Traditionelle Architektur in Lefke

Nach zwanzig Minuten Fahrt, anfänglich noch durch dichte Zitrusplantagen, dann entlang dem kieseligen Küstensaum, fällt, unerwartet in dieser ländlichen Gegend, eine weit in die Bucht hinausragende Verladepier ins Auge. Doch die Förderbänder der Anlage stehen seit Jahrzehnten still. Das rostende Stahlungetüm mutiert unplanmäßig zu einem Industriedenkmal, daran erinnernd, dass hier die Cyprus Mines Corporation Kupfererze zutage förderte und über eine Verladebrücke in Schiffsbäuche abfüllte. Dieser Küstenabschnitt, der griechisch Karavostasi und türkisch Gemikonaği heißt, was beides „Anlegeplatz der Schiffe“ bedeutet, hatte diese Funktion schon zu Zeiten des antiken Stadtkönigreichs Soloi inne, als Zyperns Reichtum weitgehend auf dem Export seiner Kupfererze und -produkte beruhte. Als vor etwa fünfzig Jahren die Erzvorkommen erschöpft waren und das amerikanische Unternehmen Zypern verließ, blieben gewaltige Abraumhalden und häßliche Gebäudekomplexe zurück und niemand weiß so recht, was mit ihnen geschehen soll. Von Gemikonaği sind es nur wenige Kilometer bis Lefke in den Ausläufern des Troodosgebirges.
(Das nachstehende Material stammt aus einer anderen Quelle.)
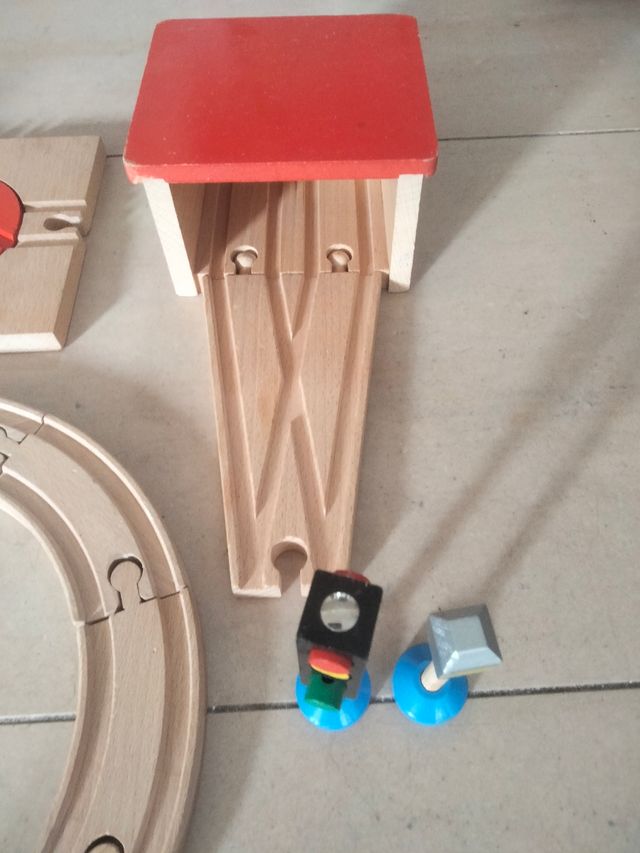 Tren de madera infantil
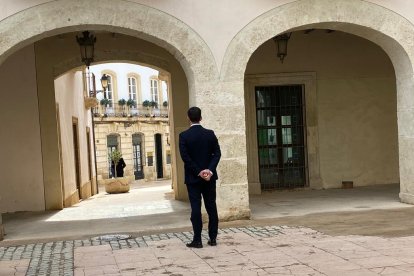 Ramón Fernández-Pacheco espera en la Plaza Vieja la llegada del presidente de la Junta.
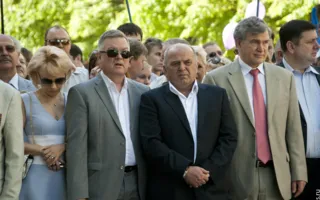 1 мая в Севастополе — традиционная праздничная демонстрация трудовых коллективов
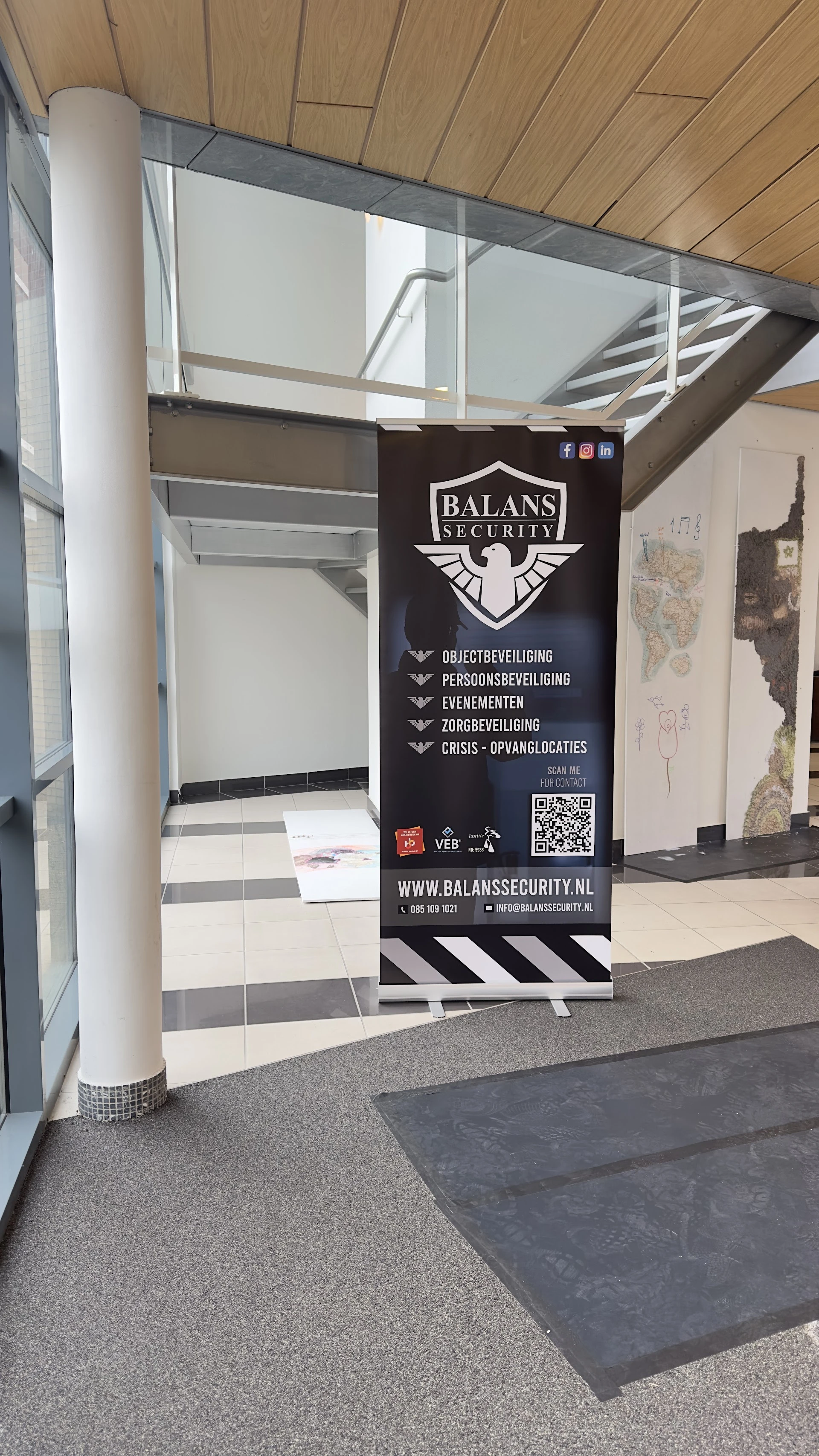 Kringloopwinkel Bij het Spoor in Rijen met tweedehands boeken, gereedschappen en huis- en inrichting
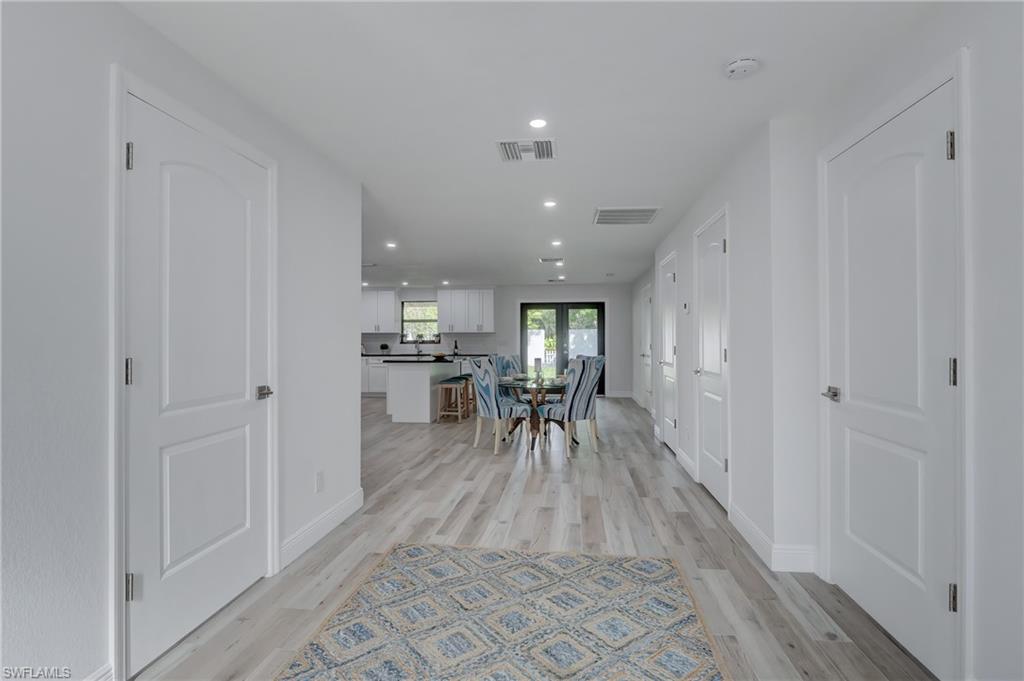 1286 Solana Road Naples, FL 34103 - Photo 5 of 25 Gallery Image 5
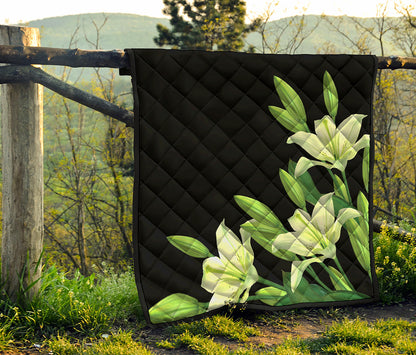 Lily Floral Print Quilt
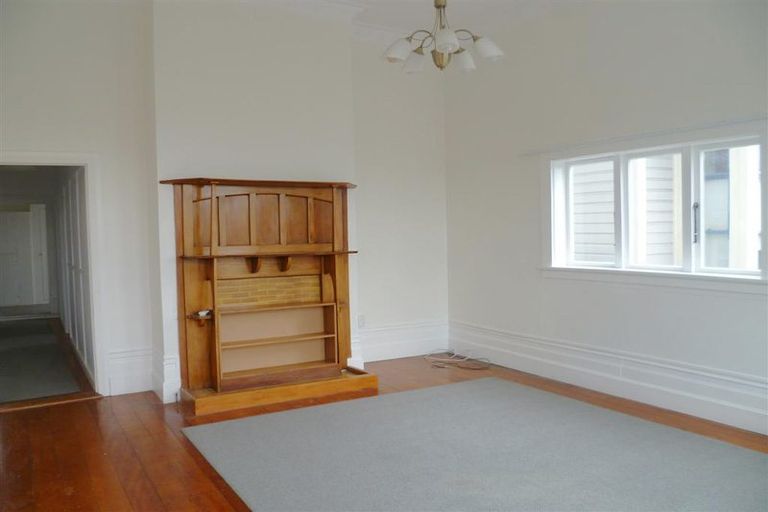 Photo of property in 15 Kenwyn Terrace, Newtown, Wellington, 6021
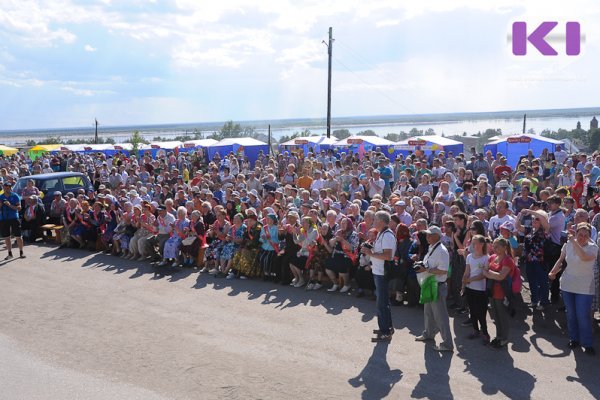 Попова попросила Мишустина поддержать запрет на массовые мероприятия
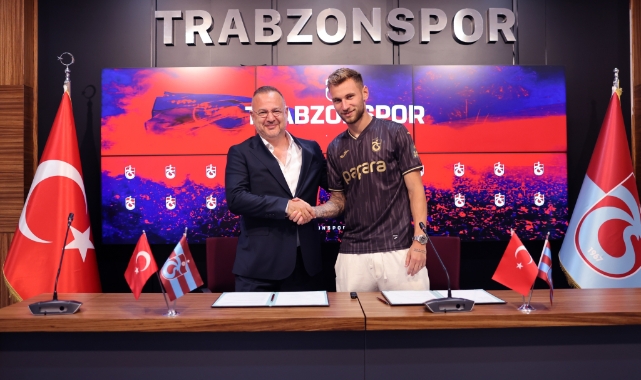 Trabzonspor, yeni transferi için imza töreni düzenlendi
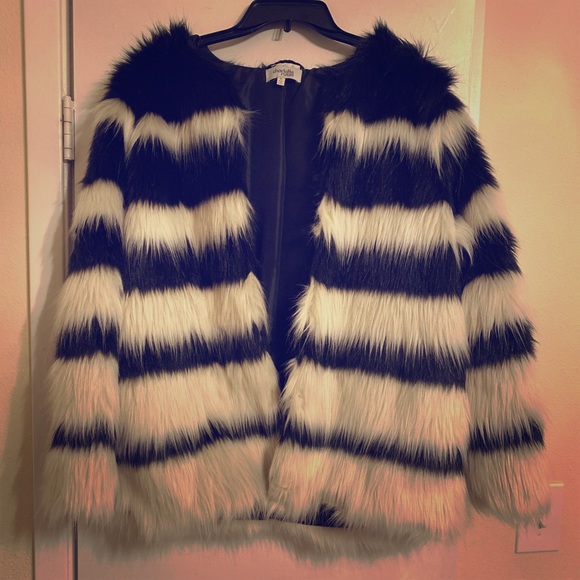 Charlotte Russe Jackets & Blazers - Charlotte russe Faux Fur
Nahe der mächtigen Verladebrücke in Gemikonaği liegt das Ausgrabungsgelände von Soloi und fünf Kilometer weiter in westlicher Richtung windet sich die schmale Straße hinauf auf das Plateau mit den Ruinen der Palastanlage von Vouni.

Vouni

Die Ausgrabungsstätte von Vouni ganz im Westen der Insel. Stele an einer Zisterne

Hier endet der Ausflug in die westlichen Landesteile. Um unseren Ausgangspunkt Girne zu erreichen, fahren wir zurück bis Güzelyurt. Von hier bringt uns die Route Richtung Kalkanli, Tepebaşi und Çamlibel an den buchtenreichen Stausee von Geçitköy mit seiner mächtigen Staumauer aus Felsgestein. Dann senkt sich die Straße und folgt dem Meeresufer bis Girne.